#### [AVAILABLE DATA]
————————

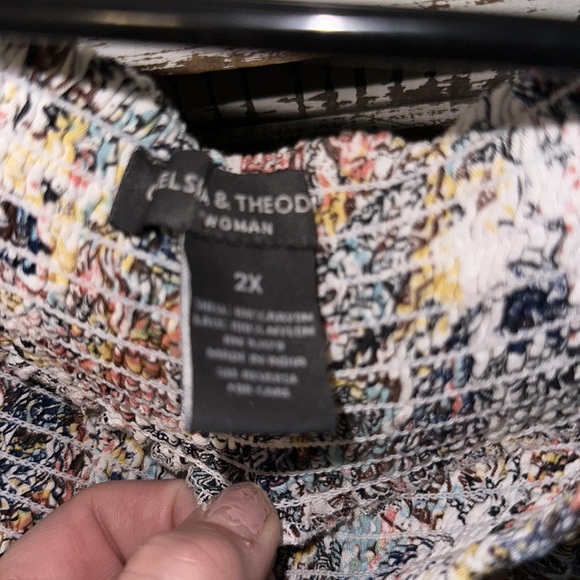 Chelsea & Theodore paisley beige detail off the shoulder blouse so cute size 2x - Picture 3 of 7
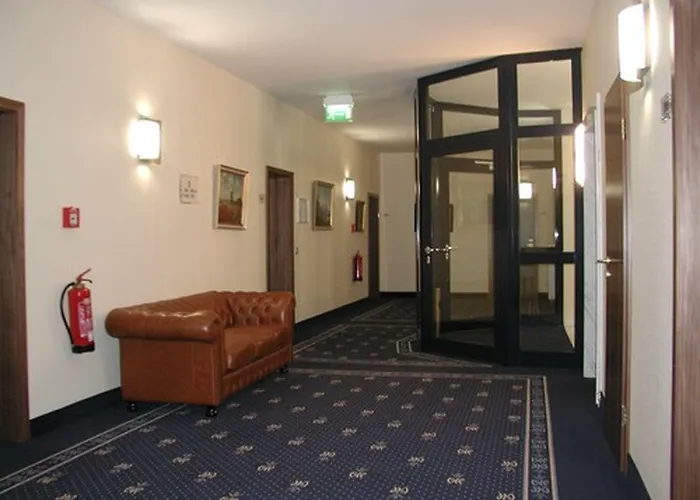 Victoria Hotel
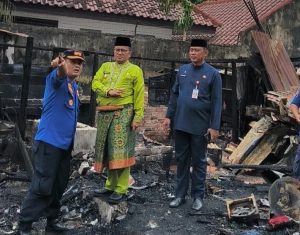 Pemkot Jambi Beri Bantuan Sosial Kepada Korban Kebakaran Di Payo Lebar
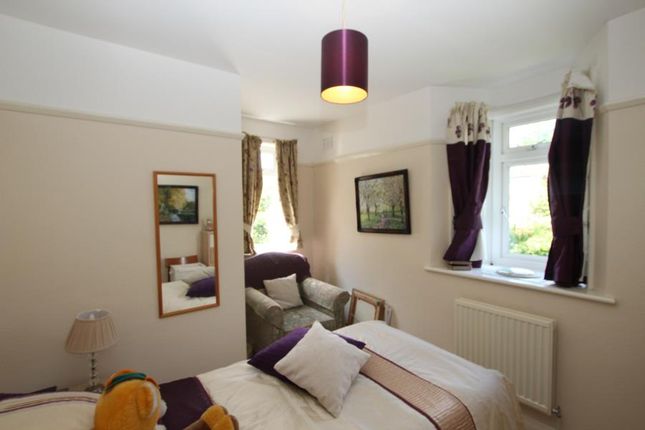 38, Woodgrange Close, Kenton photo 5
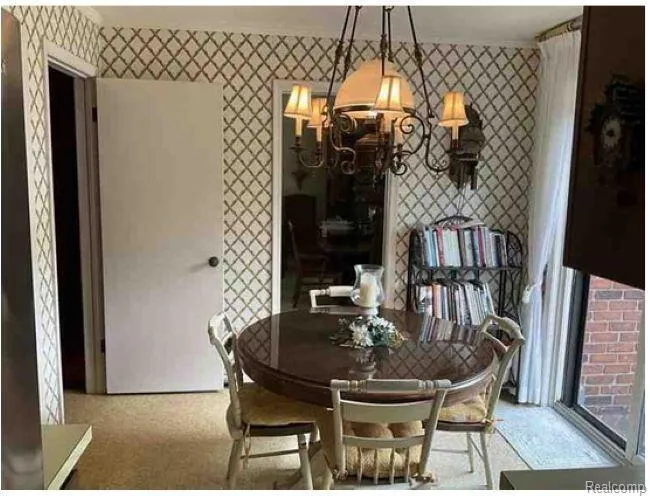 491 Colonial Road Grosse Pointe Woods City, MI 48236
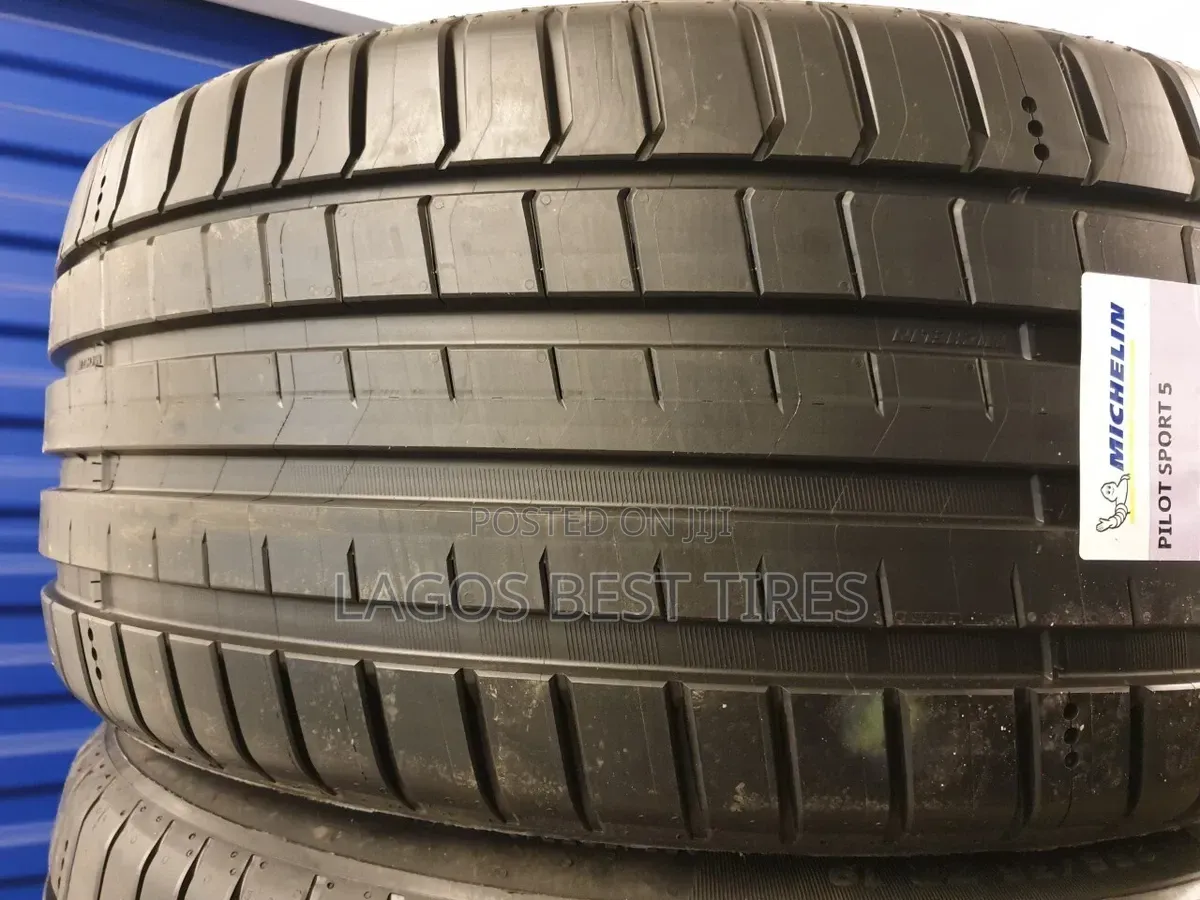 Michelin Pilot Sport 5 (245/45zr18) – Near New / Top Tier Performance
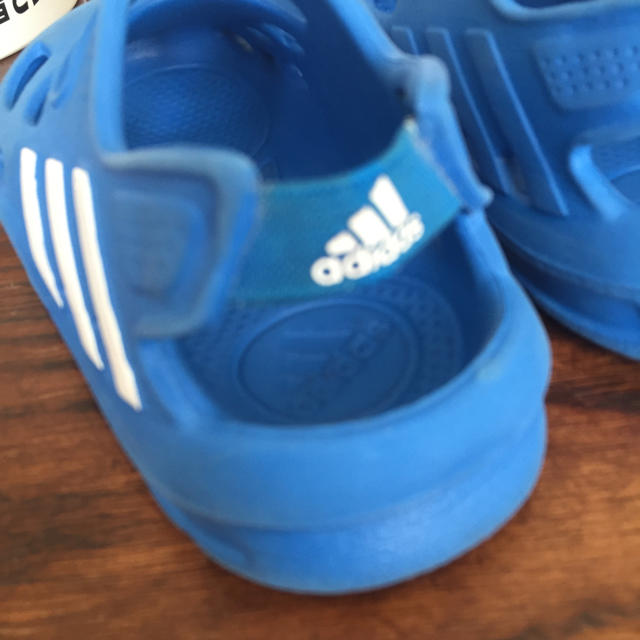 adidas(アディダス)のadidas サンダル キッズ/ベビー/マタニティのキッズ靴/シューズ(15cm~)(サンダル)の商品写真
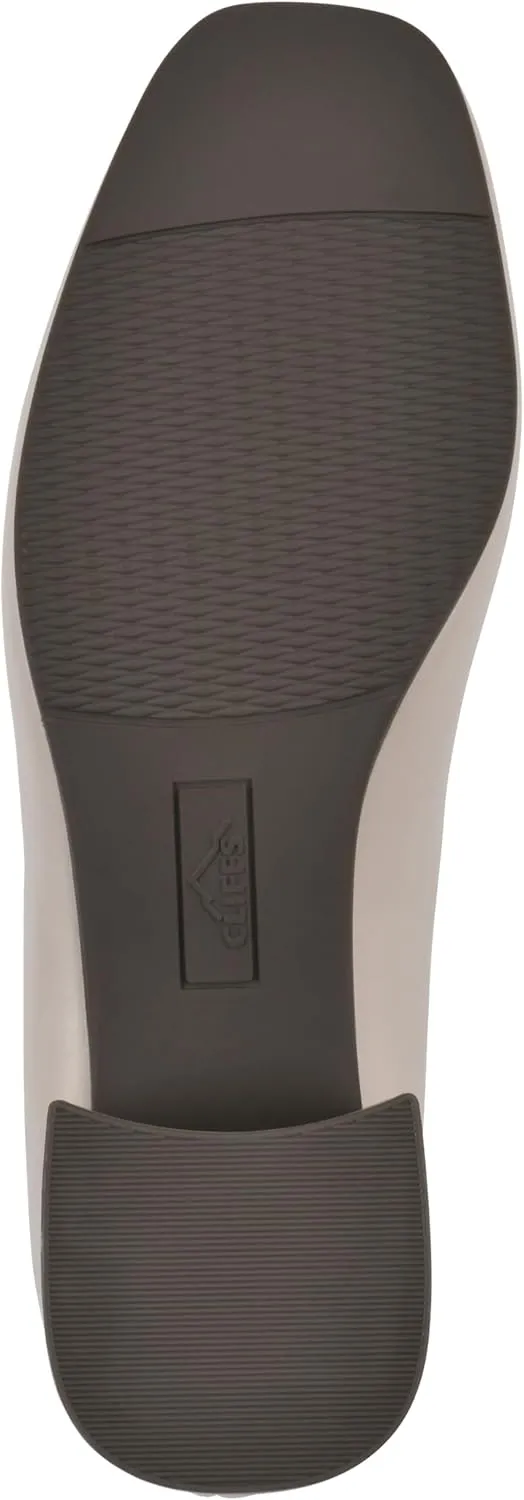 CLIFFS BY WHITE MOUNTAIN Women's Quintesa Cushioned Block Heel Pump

————————

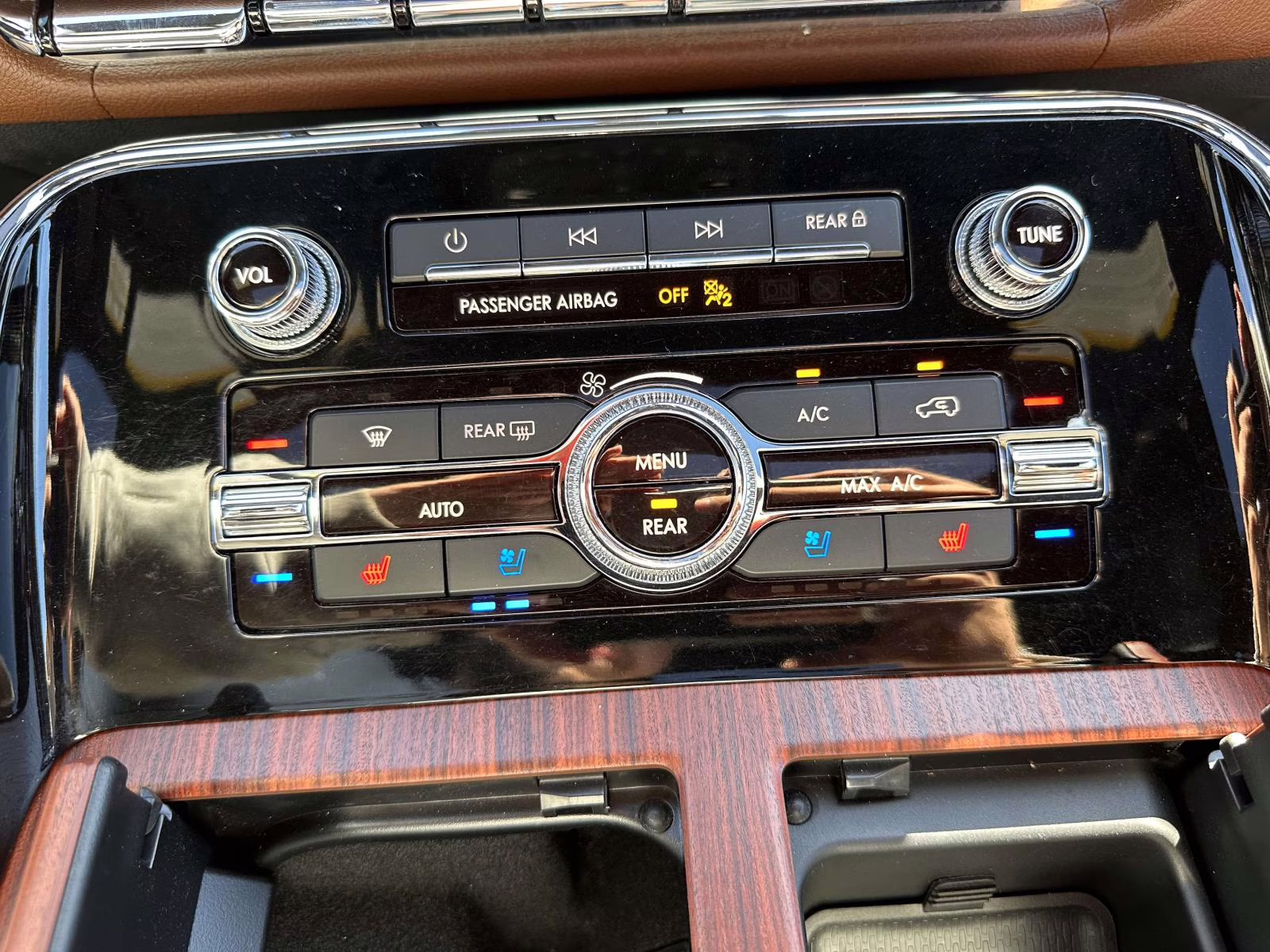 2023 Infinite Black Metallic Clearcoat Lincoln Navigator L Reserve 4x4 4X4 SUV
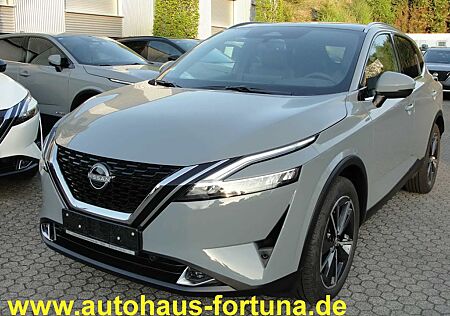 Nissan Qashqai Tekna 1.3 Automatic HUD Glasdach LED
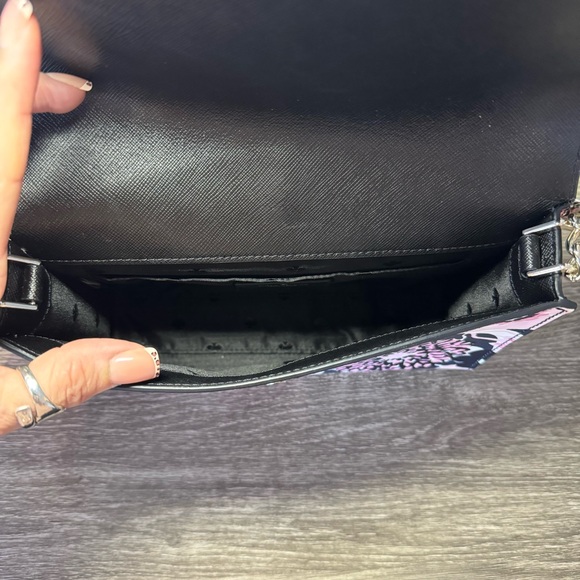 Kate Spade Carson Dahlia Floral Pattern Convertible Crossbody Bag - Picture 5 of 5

————————

#### [BRIEF]
Which part of the entries opens with the line containing "2023 Infinite Black" and closes with the line containing "Kate Spade Carson"? Output that part exactly, ends included, pictures excluded.

#### [ANSWER BELOW]
 2023 Infinite Black Metallic Clearcoat Lincoln Navigator L Reserve 4x4 4X4 SUV
 Nissan Qashqai Tekna 1.3 Automatic HUD Glasdach LED
 Kate Spade Carson Dahlia Floral Pattern Convertible Crossbody Bag - Picture 5 of 5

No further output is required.